Cash provided by financing activities for the three months ended September 30, 2022 totaled $0.8 million and was generated from proceeds from the exercise of stock options. Cash used in financing activities for the nine months ended September 30, 2022 totaled $240.4 million, and resulted from $126.4 million of share repurchases and repayment of the $120.7 remaining aggregate principal on the 2022 Convertible Notes upon maturity in June 2022, partially offset by $6.7 million of proceeds from the exercise of stock options and the issuance of shares under our employee stock purchase plan.

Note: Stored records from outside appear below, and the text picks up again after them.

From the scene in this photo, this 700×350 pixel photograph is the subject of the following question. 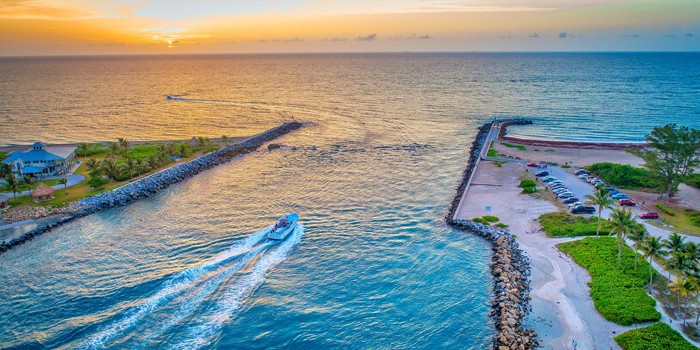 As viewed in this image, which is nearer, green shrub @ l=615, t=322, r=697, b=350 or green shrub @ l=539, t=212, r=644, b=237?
green shrub @ l=615, t=322, r=697, b=350

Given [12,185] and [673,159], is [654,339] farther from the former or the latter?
[12,185]

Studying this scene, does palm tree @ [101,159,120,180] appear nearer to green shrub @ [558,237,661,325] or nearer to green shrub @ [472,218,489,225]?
green shrub @ [472,218,489,225]

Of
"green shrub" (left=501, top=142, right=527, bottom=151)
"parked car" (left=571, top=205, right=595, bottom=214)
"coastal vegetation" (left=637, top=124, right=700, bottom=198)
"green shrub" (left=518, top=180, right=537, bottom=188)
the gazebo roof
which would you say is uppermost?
"coastal vegetation" (left=637, top=124, right=700, bottom=198)

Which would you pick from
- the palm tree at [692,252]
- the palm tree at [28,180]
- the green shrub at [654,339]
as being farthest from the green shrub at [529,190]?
the palm tree at [28,180]

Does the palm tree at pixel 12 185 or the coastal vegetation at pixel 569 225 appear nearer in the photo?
the coastal vegetation at pixel 569 225

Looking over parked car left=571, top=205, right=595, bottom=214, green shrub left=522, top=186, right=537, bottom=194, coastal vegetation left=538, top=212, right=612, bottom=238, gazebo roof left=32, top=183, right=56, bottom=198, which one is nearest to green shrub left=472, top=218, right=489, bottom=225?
coastal vegetation left=538, top=212, right=612, bottom=238

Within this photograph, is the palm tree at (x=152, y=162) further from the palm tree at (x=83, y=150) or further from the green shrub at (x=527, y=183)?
the green shrub at (x=527, y=183)

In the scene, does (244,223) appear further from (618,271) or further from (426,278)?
(618,271) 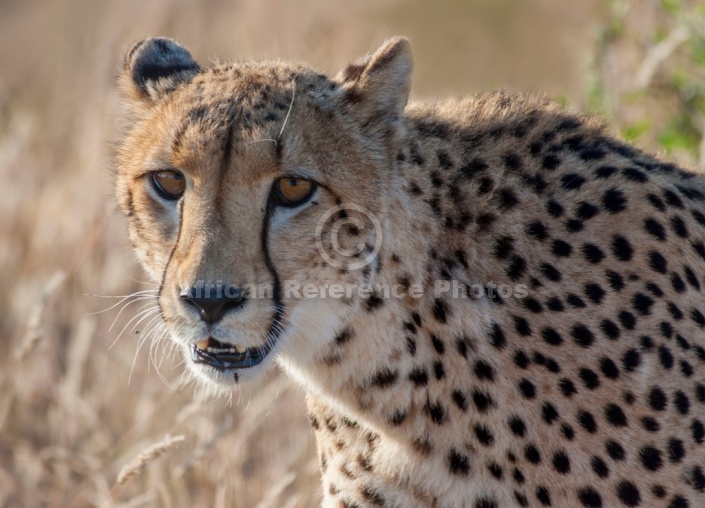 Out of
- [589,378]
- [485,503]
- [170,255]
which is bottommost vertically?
[485,503]

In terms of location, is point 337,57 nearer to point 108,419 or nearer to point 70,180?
point 70,180

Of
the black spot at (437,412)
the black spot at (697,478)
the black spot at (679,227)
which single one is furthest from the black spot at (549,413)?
the black spot at (679,227)

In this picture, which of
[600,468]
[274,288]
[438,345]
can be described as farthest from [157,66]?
[600,468]

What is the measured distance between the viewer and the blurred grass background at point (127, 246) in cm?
421

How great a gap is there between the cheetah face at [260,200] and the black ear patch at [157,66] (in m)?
0.09

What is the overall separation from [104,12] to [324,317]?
32.4ft

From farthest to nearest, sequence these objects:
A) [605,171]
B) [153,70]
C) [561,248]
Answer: [153,70], [605,171], [561,248]

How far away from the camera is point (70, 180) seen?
22.1 feet

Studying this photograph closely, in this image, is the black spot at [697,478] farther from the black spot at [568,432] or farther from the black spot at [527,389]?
the black spot at [527,389]

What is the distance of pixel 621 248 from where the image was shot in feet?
9.11

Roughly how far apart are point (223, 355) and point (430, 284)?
0.56m

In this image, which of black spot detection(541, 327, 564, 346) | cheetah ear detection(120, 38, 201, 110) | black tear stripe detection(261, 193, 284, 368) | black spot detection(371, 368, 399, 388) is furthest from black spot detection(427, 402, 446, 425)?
cheetah ear detection(120, 38, 201, 110)

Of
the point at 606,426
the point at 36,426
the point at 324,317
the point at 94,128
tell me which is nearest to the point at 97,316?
the point at 36,426

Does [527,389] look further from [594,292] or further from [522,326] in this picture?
[594,292] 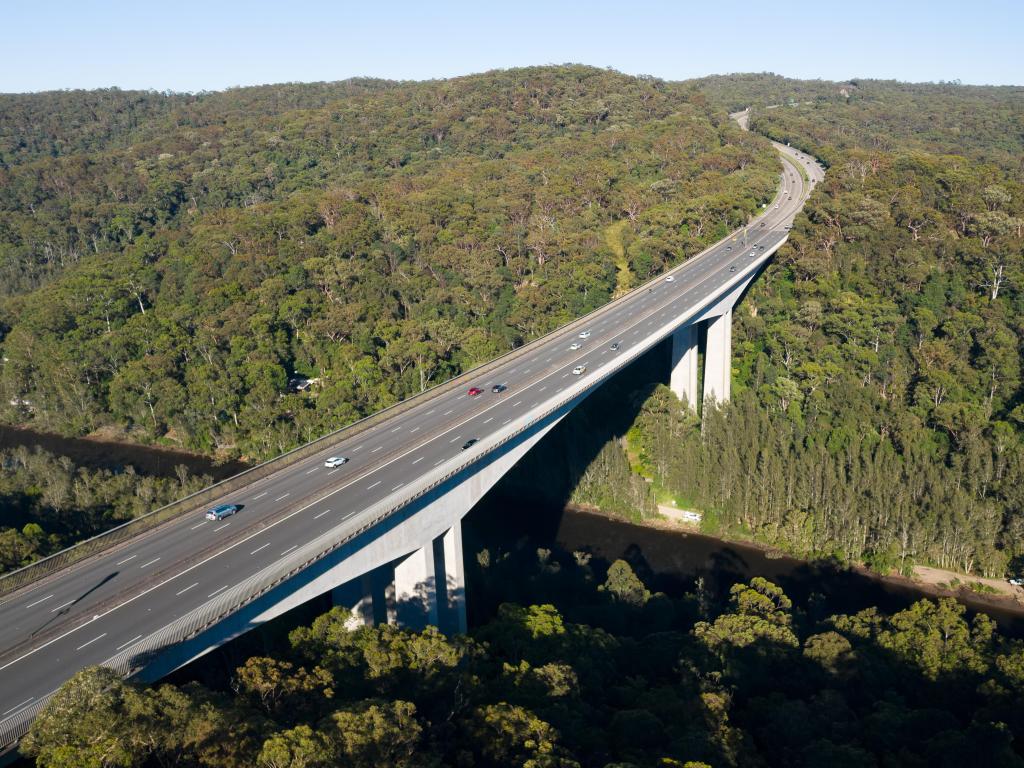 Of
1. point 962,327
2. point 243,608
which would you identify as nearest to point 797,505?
point 962,327

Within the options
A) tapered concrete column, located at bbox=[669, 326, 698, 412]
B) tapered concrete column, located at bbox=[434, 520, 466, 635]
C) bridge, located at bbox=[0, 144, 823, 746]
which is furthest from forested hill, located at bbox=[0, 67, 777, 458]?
Answer: tapered concrete column, located at bbox=[434, 520, 466, 635]

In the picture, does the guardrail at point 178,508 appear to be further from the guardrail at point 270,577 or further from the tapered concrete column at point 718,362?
the tapered concrete column at point 718,362

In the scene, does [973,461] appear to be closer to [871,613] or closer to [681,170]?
[871,613]

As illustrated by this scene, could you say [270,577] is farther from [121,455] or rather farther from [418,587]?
[121,455]

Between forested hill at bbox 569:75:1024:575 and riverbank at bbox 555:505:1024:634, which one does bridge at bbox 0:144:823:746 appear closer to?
forested hill at bbox 569:75:1024:575

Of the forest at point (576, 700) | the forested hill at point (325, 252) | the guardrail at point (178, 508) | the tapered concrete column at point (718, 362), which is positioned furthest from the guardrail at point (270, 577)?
the forested hill at point (325, 252)

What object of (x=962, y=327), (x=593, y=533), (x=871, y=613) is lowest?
(x=593, y=533) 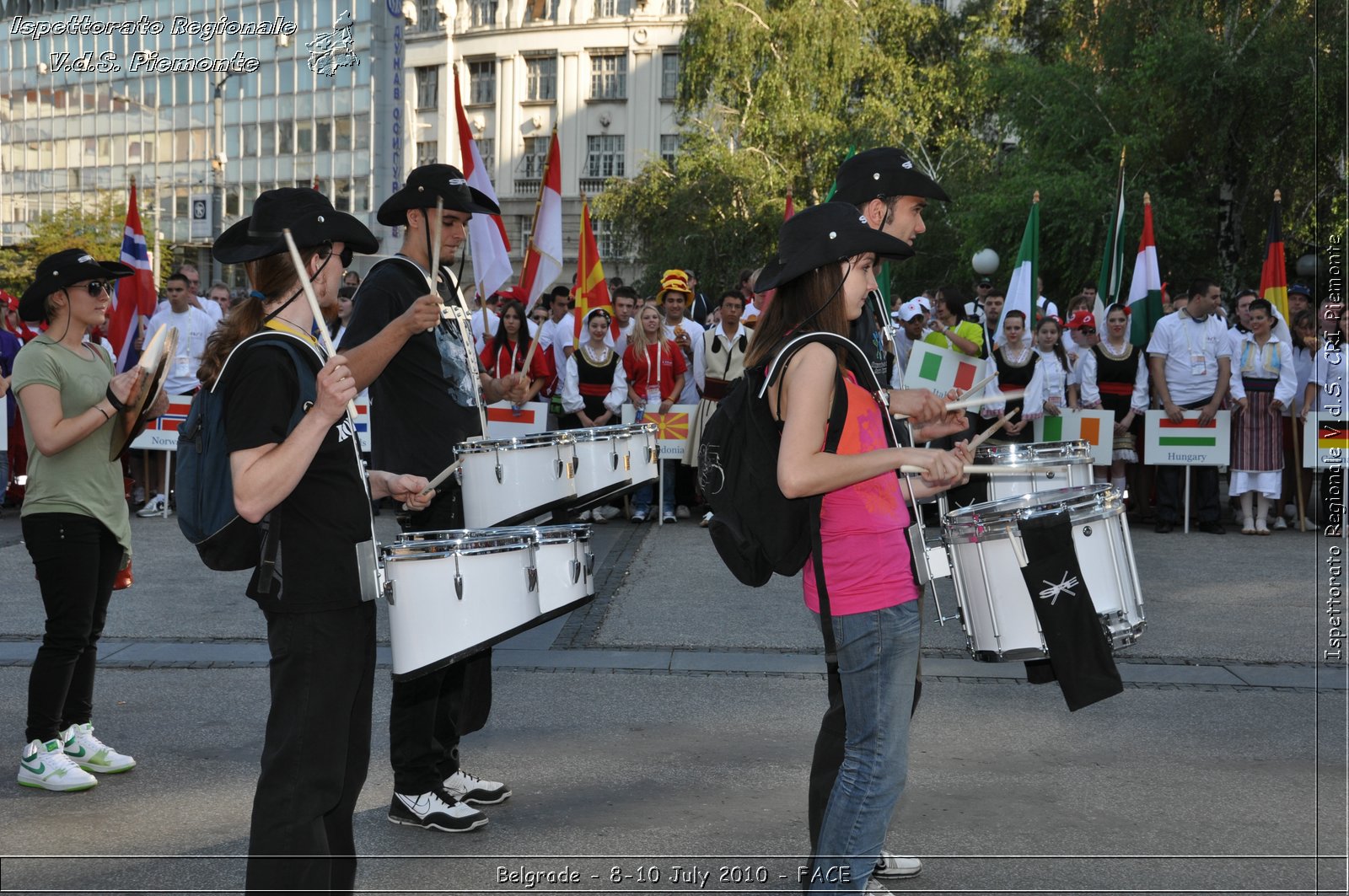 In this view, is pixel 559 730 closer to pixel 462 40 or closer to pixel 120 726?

Cash provided by financing activities for the three and nine months ended September 30, 2021 totaled $6.2 million and $14.0 million, respectively, and was generated from proceeds from the exercise of stock options and the issuance of shares under our employee stock purchase plan.

Funding Requirements

We began commercializing LINZESS in the U.S. with our collaboration partner, AbbVie, in the fourth quarter of 2012, and we currently derive a significant portion of our revenue from this collaboration. In addition, we are deploying significant resources to fulfill U.S. FDA requirements for linaclotide. Our goal is to generate and maintain positive cash flows, driven by increased revenue generated through sales of LINZESS and other commercial activities and financial discipline.

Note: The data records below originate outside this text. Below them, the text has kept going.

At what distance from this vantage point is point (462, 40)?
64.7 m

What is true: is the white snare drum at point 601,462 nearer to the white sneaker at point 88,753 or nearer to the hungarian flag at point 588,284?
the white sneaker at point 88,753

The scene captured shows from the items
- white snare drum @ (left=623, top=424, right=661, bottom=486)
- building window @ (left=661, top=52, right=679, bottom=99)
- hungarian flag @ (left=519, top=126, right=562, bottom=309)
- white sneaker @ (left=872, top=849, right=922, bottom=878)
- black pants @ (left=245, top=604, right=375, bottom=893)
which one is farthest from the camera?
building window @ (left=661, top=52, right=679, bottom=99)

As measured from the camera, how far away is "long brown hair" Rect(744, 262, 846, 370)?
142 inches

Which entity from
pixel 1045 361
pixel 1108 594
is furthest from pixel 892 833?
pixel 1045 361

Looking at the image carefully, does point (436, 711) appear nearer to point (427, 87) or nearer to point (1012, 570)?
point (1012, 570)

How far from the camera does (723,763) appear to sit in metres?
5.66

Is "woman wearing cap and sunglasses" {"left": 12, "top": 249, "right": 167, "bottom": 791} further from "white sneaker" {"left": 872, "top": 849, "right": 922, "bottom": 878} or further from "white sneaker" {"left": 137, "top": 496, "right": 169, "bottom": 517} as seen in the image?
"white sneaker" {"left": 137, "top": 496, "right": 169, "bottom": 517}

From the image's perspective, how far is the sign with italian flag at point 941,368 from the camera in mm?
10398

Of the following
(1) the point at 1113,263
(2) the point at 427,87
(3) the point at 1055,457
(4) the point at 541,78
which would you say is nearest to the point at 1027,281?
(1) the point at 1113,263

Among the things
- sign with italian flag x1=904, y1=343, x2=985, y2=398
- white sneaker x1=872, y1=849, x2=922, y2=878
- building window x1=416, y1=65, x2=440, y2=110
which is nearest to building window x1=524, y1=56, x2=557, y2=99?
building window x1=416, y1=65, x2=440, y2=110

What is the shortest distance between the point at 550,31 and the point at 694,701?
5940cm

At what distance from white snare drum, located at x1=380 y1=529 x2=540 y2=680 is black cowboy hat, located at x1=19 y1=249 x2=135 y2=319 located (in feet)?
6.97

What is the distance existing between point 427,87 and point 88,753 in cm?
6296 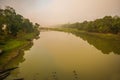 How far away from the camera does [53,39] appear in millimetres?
11898

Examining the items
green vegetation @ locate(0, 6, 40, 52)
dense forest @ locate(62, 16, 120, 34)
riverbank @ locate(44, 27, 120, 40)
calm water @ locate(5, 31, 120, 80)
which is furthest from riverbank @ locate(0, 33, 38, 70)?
dense forest @ locate(62, 16, 120, 34)

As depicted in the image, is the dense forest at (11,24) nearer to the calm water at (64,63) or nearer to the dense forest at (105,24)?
the calm water at (64,63)

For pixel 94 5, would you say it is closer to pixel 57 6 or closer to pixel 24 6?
pixel 57 6

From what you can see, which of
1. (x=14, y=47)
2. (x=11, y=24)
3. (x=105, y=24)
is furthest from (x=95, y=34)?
(x=14, y=47)

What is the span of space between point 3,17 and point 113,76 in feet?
22.6

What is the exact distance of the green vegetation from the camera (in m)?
9.47

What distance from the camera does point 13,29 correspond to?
399 inches

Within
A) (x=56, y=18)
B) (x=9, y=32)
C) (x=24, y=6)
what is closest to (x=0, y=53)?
(x=9, y=32)

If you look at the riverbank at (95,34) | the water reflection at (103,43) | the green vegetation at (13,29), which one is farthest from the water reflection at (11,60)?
the water reflection at (103,43)

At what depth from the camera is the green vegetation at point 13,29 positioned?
9469 millimetres

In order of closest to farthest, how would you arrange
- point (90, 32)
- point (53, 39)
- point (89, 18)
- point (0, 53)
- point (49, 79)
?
point (49, 79)
point (0, 53)
point (89, 18)
point (53, 39)
point (90, 32)

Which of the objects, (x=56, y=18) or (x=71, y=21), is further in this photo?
(x=71, y=21)

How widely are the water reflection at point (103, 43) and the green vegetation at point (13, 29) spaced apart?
161 inches

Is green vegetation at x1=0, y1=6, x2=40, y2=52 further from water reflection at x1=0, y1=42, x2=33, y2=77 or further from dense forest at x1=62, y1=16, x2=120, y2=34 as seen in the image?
dense forest at x1=62, y1=16, x2=120, y2=34
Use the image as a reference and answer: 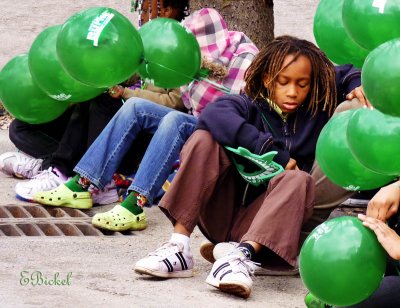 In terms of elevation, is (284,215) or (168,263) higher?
(284,215)

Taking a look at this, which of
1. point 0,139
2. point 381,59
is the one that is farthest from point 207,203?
point 0,139

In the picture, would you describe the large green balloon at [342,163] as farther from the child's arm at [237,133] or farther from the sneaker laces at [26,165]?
the sneaker laces at [26,165]

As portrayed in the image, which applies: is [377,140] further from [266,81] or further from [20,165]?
[20,165]

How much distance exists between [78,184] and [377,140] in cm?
265

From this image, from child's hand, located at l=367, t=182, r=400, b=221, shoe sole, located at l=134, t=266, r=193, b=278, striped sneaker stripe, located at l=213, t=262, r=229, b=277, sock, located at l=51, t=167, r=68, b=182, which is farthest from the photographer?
sock, located at l=51, t=167, r=68, b=182

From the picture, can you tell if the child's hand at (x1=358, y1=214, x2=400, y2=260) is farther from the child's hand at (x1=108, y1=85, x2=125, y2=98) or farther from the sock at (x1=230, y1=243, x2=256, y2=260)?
the child's hand at (x1=108, y1=85, x2=125, y2=98)

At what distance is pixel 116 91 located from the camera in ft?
18.4

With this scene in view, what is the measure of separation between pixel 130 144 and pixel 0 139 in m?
2.12

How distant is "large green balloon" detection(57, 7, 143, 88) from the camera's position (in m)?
4.07

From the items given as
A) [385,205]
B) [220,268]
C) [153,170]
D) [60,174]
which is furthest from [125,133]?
[385,205]

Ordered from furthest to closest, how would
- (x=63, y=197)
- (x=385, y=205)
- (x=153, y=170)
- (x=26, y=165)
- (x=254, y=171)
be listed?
1. (x=26, y=165)
2. (x=63, y=197)
3. (x=153, y=170)
4. (x=254, y=171)
5. (x=385, y=205)

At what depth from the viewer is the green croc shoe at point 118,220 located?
16.6 feet

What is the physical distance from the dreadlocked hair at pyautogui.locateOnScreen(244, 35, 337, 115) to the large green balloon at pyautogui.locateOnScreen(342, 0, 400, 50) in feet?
3.59

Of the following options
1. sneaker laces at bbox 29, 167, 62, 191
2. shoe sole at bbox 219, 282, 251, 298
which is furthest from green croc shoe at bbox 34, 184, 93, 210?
shoe sole at bbox 219, 282, 251, 298
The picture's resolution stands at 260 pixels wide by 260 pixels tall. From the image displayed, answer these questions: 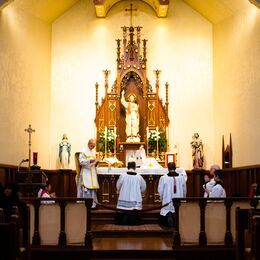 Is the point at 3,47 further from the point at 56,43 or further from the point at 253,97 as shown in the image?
the point at 253,97

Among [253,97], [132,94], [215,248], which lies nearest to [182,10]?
[132,94]

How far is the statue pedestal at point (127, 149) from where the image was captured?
17922 millimetres

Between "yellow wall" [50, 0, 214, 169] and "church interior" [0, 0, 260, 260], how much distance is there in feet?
0.11

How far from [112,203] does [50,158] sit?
3274 millimetres

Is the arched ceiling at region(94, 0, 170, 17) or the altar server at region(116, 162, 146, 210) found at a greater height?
the arched ceiling at region(94, 0, 170, 17)

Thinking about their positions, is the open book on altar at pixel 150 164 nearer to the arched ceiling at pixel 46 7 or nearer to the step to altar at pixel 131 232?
the step to altar at pixel 131 232

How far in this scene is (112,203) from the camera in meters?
16.1

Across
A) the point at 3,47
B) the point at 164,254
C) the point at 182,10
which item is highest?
the point at 182,10

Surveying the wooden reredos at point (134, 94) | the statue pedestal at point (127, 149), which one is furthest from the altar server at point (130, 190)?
the wooden reredos at point (134, 94)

Under our collaboration with AbbVie for North America, total net sales of LINZESS in the U.S., as recorded by AbbVie, are reduced by commercial costs incurred by each party, and the resulting amount is shared equally between us and AbbVie. Additionally, we receive royalties from AbbVie based on sales of linaclotide in its licensed territories outside of the U.S. We believe revenues from our LINZESS partnership for the U.S. with AbbVie will continue to constitute a significant portion of our total revenue for the foreseeable future and we cannot be certain that such revenues, as well as the revenues from our other commercial activities, will continue to enable us to generate positive cash flows, or to do so in the timeframes we expect. We also anticipate that we will continue to incur substantial expenses for the next several years as we further develop and commercialize linaclotide in the U.S., develop and commercialize other products, and invest in building our pipeline through internal or external opportunities, including potential payments associated with exercising the Option under the COUR Collaboration Agreement. We believe that our cash on hand as of September 30, 2022 will be sufficient to meet our projected operating needs at least through the next twelve months from the issuance of these financial statements.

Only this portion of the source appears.